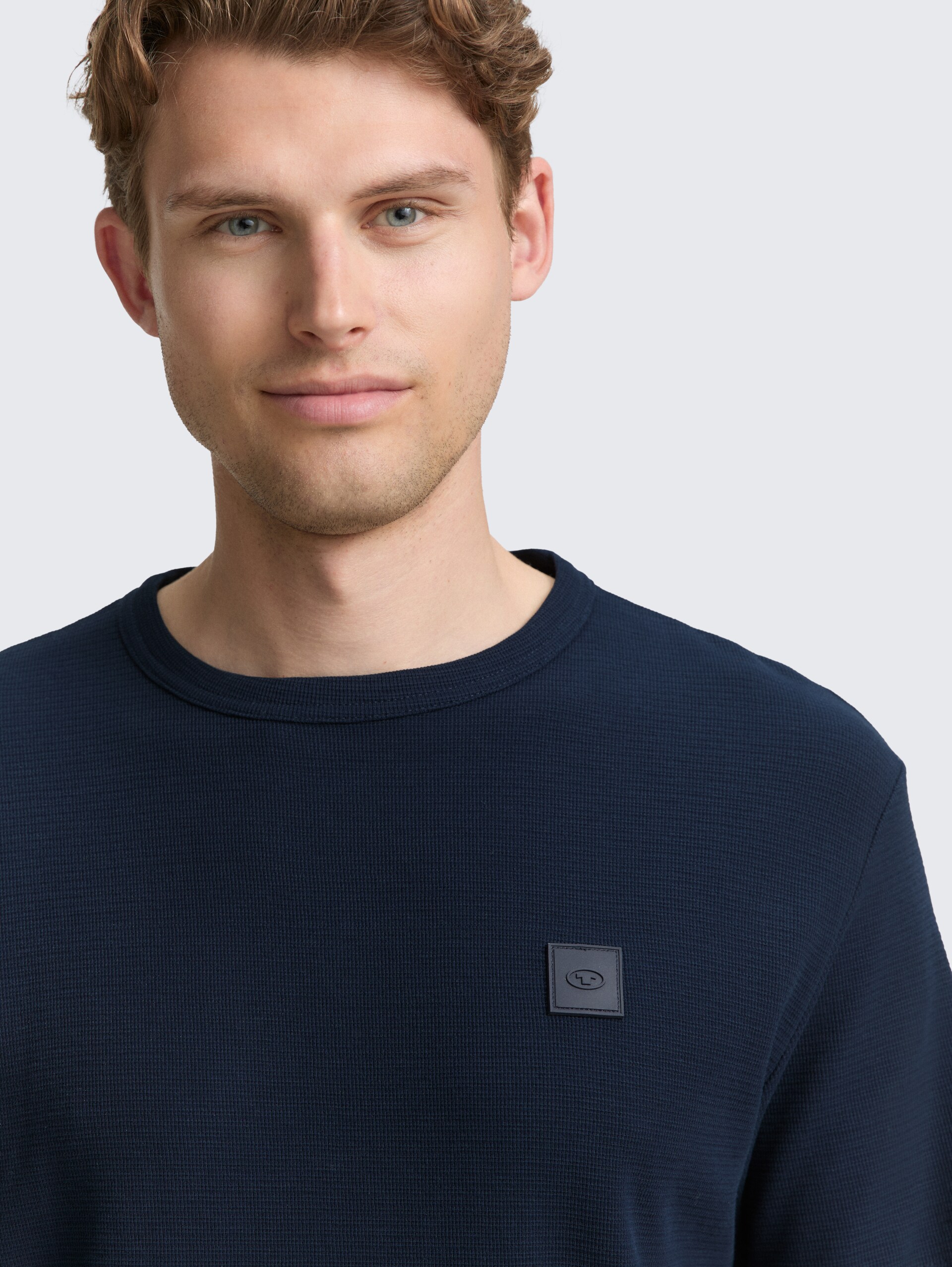 T-Shirt mit Logo-Badge - sky captain blue - Detail-Model-Ansicht
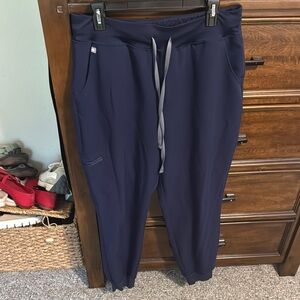 Women’s figs scrub bottoms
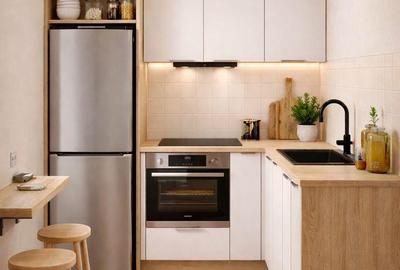 Apartament cu 3 camere semidecomandat în Unirii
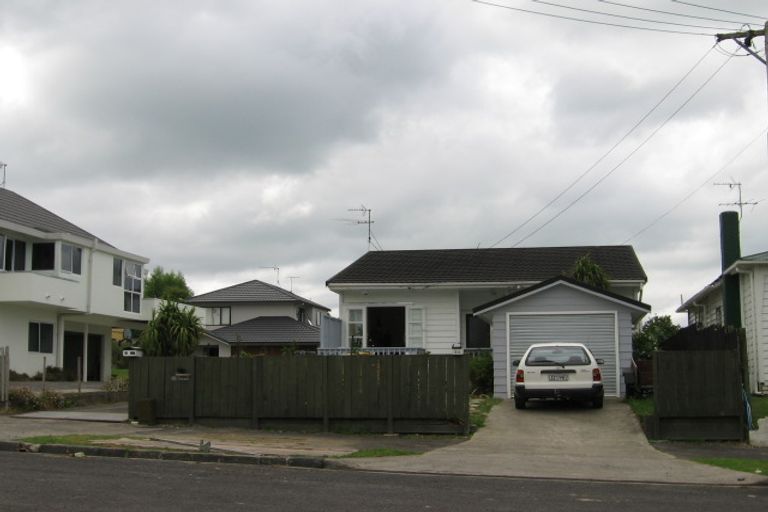 Photo of property in 24 Newell Street, Point Chevalier, Auckland, 1022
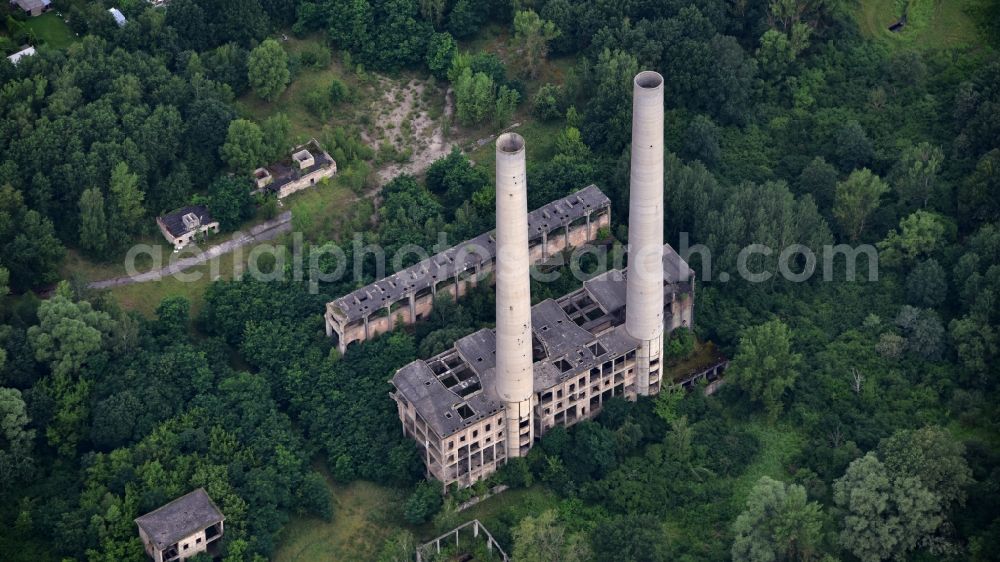 Aerial image Eisenhüttenstadt - Building remains of the ruin of the disused HKW thermal power station and coal-fired power station Vogelsang - Wernerwerk in Eisenhuettenstadt in the state Brandenburg, Germany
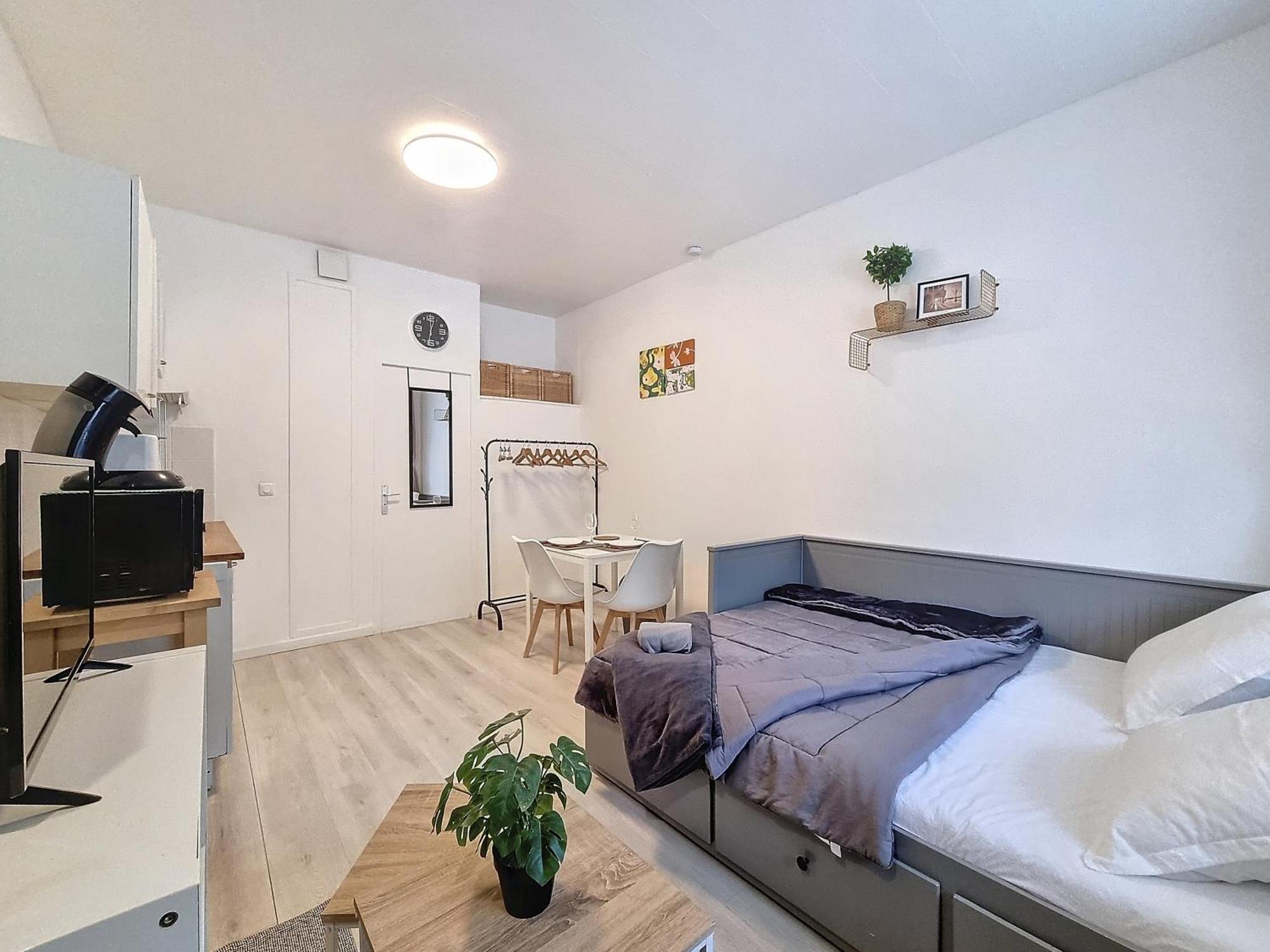 Budget Studio Proche Lac 세브리에 외부 사진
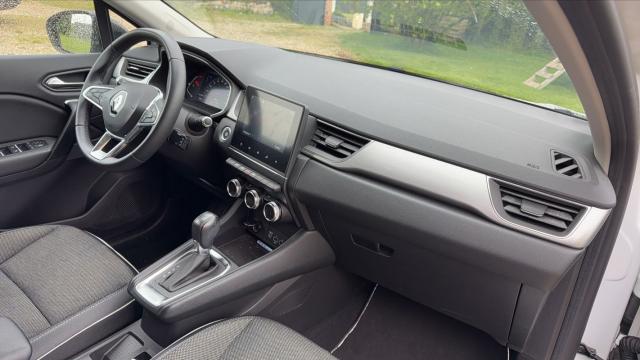 Renault Captur image 8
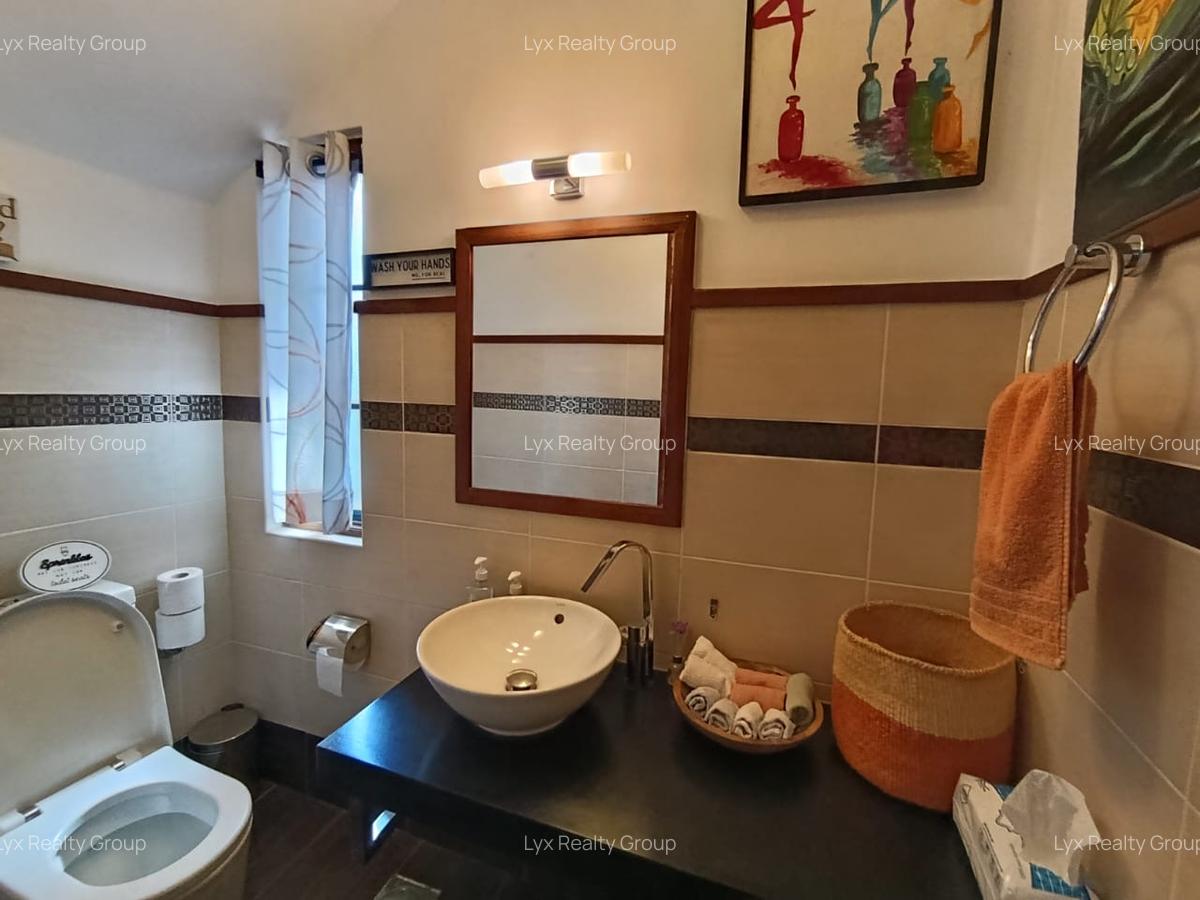 3 Bed Villa with En Suite in Muthaiga - 13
--
#### THE TASK:
Restate the whole listing word for word. Omit the pictures.

#### RESPONSE BOX:
 T-Shirt mit Logo-Badge - sky captain blue - Detail-Model-Ansicht
 Women’s figs scrub bottoms
 Apartament cu 3 camere semidecomandat în Unirii
 Photo of property in 24 Newell Street, Point Chevalier, Auckland, 1022
 Aerial image Eisenhüttenstadt - Building remains of the ruin of the disused HKW thermal power station and coal-fired power station Vogelsang - Wernerwerk in Eisenhuettenstadt in the state Brandenburg, Germany
 Budget Studio Proche Lac 세브리에 외부 사진
 Renault Captur image 8
 3 Bed Villa with En Suite in Muthaiga - 13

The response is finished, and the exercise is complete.